Well—not you, personally; that’s why you have me: Drew Moody—Coffee Detective.

What I do know is this coffee comes from a washing station in the Gedeo Zone, west of the town of Yirgacheffe in the Guji area. The mill is called Kerbal Aricha and is owned by Surafel Birhanu, and is supplied by around 650 to 750 smallholder farmers (mainly garden growers), who produce around five containers of specialty coffee per year, and around ten commercial grade.

The varietals are anyone’s guess, but seem to be mainly made up from Typica and various other Ethiopian heirloom varietals. This is what you get in Ethiopia: lots of small growers with lots of different mutations and variations of plants, and little interest in separating them and figuring out what they actually have on their hands.

Ripe cherries are delivered to the mill where they are graded, sorted, de-pulped, and then fermented underwater between 36-48 hours, depending on temperature, humidity, and other factors. Parchment is then sorted in washing channels and dried on raised beds. The drying period generally lasts for up to two to three weeks, until moisture level reaches 12% or lower. The beans are then transported in parchment to the ECX warehouse in Awassa, then dry-milled to remove the parchment prior to shipping.
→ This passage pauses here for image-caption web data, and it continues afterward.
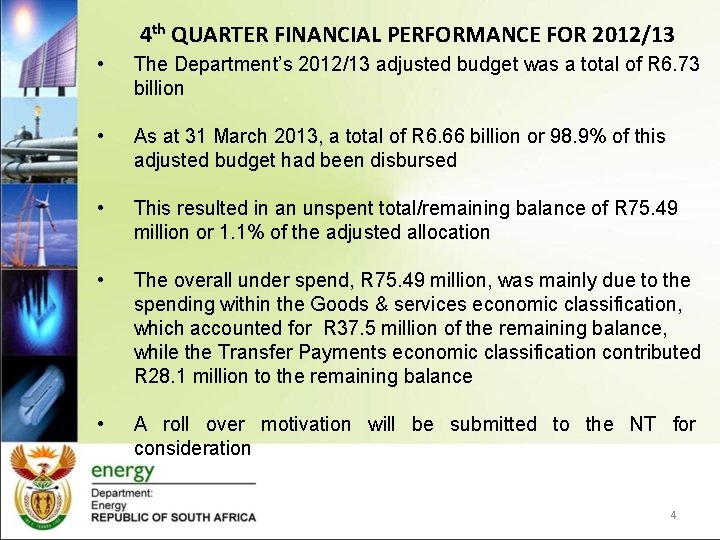 4 th QUARTER FINANCIAL PERFORMANCE FOR 2012/13 • The Department’s 2012/13 adjusted budget was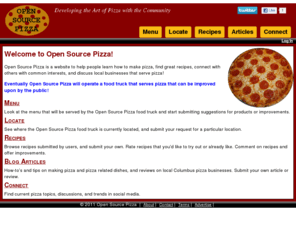 opensourcepizza.com: Open Source Pizza - Home
Recipes, tips, resources, and how-tos on making pizza, stromboli and other italian food and connecting local pizza connoisseurs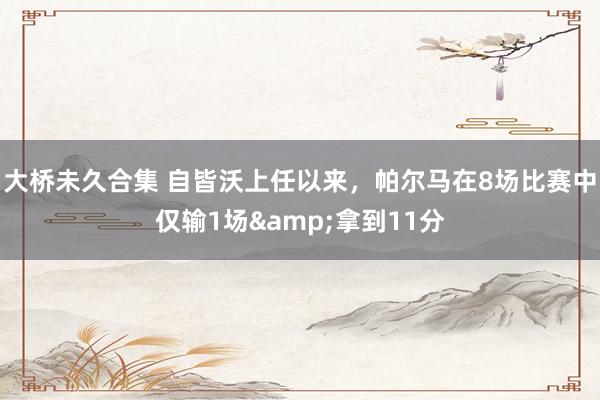 大桥未久合集 自皆沃上任以来，帕尔马在8场比赛中仅输1场&拿到11分
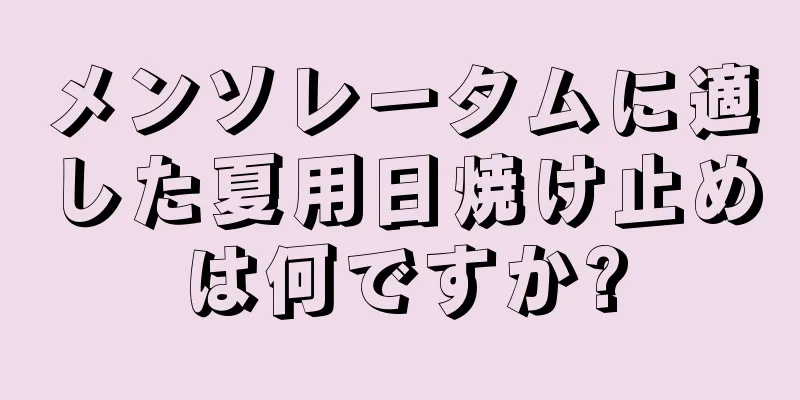 メンソレータムに適した夏用日焼け止めは何ですか?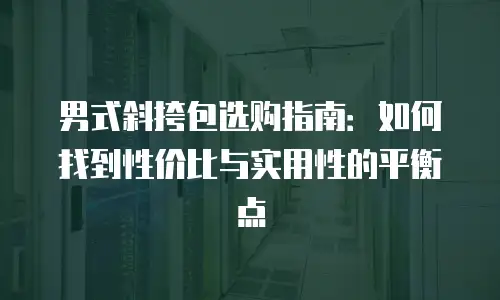 男式斜挎包选购指南：如何找到性价比与实用性的平衡点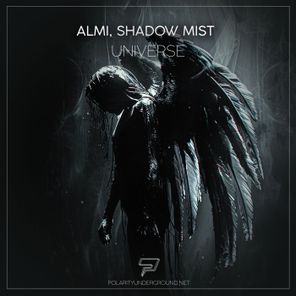 Shadow Mist, ALMI – Universe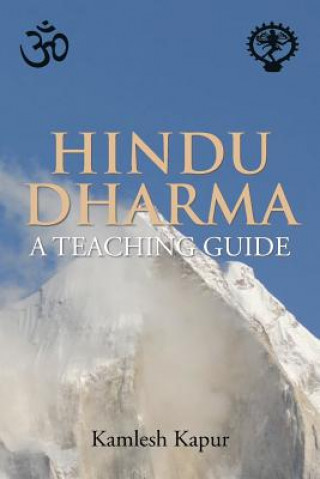 Книга Hindu Dharma - A Teaching Guide Kamlesh Kapur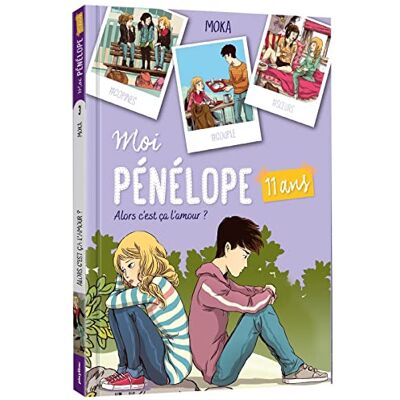 Moka Moi, Pénélope 11 Ans. Vol. 3. Alors C'Est Ça L'Amour ? - Publicité Moka Moi, Pénélope 11 Ans. Vol. 3. Alors C'Est Ça L'Amour ? - Publicité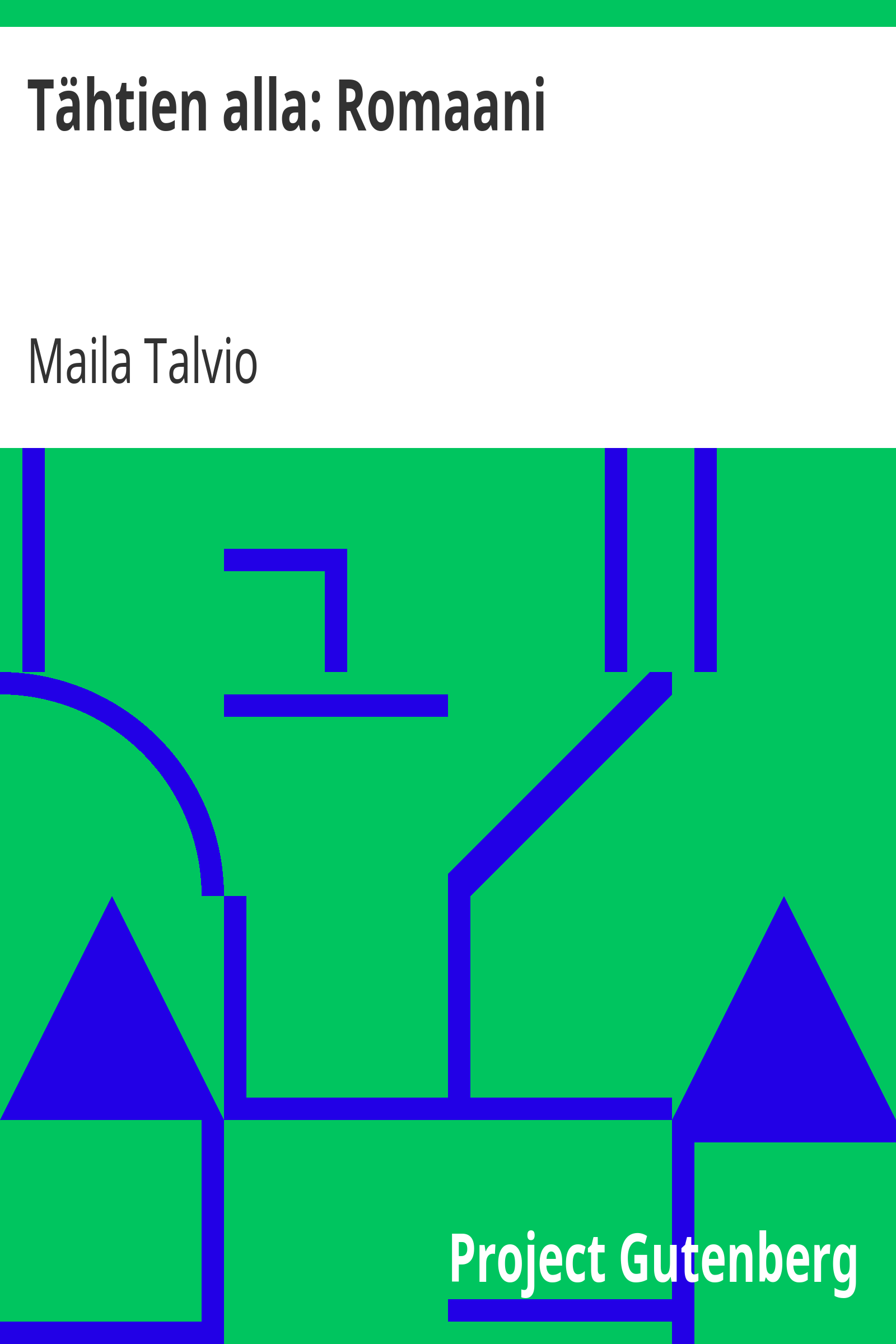 Tähtien alla: Romaani cover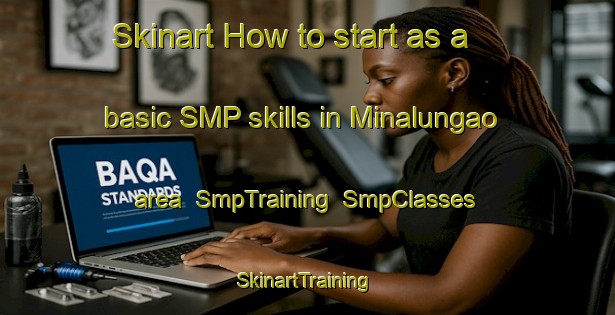 Skinart How to start as a basic SMP skills in Minalungao area | SmpTraining | SmpClasses | SkinartTraining-Philippines
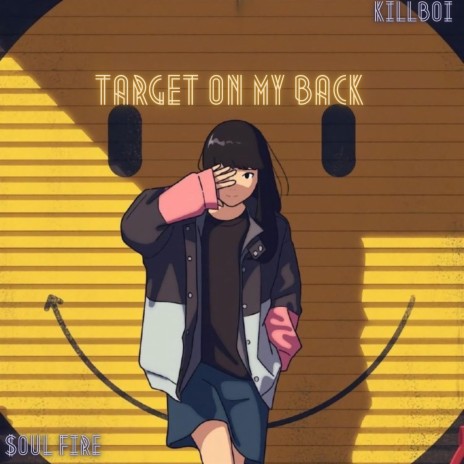 Target on my back ft. Killboi | Boomplay Music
Welcome to my Table, here in the corner of this cafe. Today we’re sipping the Ethiopia Aricha, from Slate Coffee Roasters in Seattle, Washington, courtesy of Craft Coffee. Feel free to pull up a chair.

THE BASICS:

region: Yirgacheffe, Ethiopia
farm: Kerbal Aricha mill
producer: smallholder farmers
association: Ethiopia Commodity Exchange
elevation: 1800 – 2000 meters above sea level
cultivars: Ethiopia Heirloom
process: natural
certifications: standard

THE COFFEE:

The aroma of the Aricha is pretty standard for a natural Ethiopia, as a massive blueberry/strawberry bomb explodes in my kitchen immediately upon opening the bag. The aroma is bright and lively, but there’s a subtle sweetness of honey, graham crackers, vanilla, and brown sugar that these fruit scents float upon.

Oh, boy! Right out of the gate this coffee is a real treat in every sense of the word. The berry bomb in the aroma is still very much present as I take my first few sips and the scents that are filling my nostrils are simultaneously actively informing the flavors my taste buds are picking out. However, that berry bomb backs off as the cup progresses, which I really appreciate – a lot of natural Ethiopias feature that berry bomb that eventually turns into fermentation (which is one reason I’m hesitant to try naturals); this one doesn’t.

No, instead, as it cools off a lot of sweet and delicious sugary confection flavors come to the forefront and the strawberry (in particular) takes the back seat (though this coffee’s tremendous clarity doesn’t let my palate forget about the strawberry all together). The dominant flavors now are vanilla cream, honey, and confectioner’s sugar, which (combined with the light, marshmallowy “fluffiness” of the coffee’s texture) create a taste of angel food cake and Cap’n Crunch cereal while cocoa powder and hazelnut play out in the finish.

Light body; “fluffy” mouthfeel; berry acidity; clean finish.

THE BOTTOM LINE:

If I had to choose, I think my favorite thing about reviewing coffee is trying the same coffees over and over again, but from multiple roasters. It’s like finding the band that covers Bob Dylan best; all of these really talented roast masters doing their best to highlight a particular coffee’s best natural features while simultaneously stamping their own unique signatures on the roast – it’s actually a pretty special and sacred act when you really consider it.

I think this is the fourth or maybe even fifth different version of the Ethiopia Aricha that I’ve had, and I have to say – while it is consistently an amazing coffee, the Ethiopia Aricha from Slate Coffee Roasters is head and shoulders above the rest.

This particular cup was incredibly unique, and incredibly sweet to boot; the perfect treat for the coffee drinker with both a sweet tooth and an adventurous palate. This Aricha was very dessert-like with its sugary, confectionary qualities and it was bright and somewhat tart with juicy berry liveliness. I’m honestly very surprised by its profile, both in terms of flavor and clarity, considering it’s a natural Ethiopia – no fermentation, no mustiness, a berry bomb, sure, but one that quickly subsides and gives way to, borrow a phrase from friend of the Table, Nick Brown, of Daily Coffee News, “sugar confections/yum yums.”

Outstanding coffee. Just outstanding.